Activity. Would you filter these records and copy every line that has the word "Avenue"?

Information given section start

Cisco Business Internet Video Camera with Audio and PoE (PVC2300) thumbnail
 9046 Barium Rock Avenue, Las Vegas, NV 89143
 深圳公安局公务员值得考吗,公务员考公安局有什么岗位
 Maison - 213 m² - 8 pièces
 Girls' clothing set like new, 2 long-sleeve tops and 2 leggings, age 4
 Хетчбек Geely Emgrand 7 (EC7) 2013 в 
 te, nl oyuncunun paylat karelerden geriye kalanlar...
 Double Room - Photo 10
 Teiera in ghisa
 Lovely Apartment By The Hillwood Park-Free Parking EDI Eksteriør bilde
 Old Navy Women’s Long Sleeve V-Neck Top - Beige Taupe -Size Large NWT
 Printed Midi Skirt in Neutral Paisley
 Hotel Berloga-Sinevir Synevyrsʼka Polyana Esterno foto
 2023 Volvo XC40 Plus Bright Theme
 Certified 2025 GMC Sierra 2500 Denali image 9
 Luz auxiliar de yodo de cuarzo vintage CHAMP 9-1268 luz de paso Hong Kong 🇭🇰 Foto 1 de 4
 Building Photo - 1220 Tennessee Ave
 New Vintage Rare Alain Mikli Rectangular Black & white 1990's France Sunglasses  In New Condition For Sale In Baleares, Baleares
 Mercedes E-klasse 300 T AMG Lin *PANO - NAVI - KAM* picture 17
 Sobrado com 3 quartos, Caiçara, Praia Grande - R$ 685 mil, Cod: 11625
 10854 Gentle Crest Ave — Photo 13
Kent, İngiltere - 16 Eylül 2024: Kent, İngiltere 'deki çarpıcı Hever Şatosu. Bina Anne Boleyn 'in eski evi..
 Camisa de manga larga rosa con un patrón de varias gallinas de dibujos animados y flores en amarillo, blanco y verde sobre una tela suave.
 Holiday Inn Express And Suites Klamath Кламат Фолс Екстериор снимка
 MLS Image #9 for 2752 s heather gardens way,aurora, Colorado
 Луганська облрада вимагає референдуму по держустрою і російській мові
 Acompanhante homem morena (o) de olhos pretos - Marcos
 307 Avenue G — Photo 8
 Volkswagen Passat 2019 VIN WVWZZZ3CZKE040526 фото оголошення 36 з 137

Information given section end

Answer to this exercise.
 9046 Barium Rock Avenue, Las Vegas, NV 89143
 307 Avenue G — Photo 8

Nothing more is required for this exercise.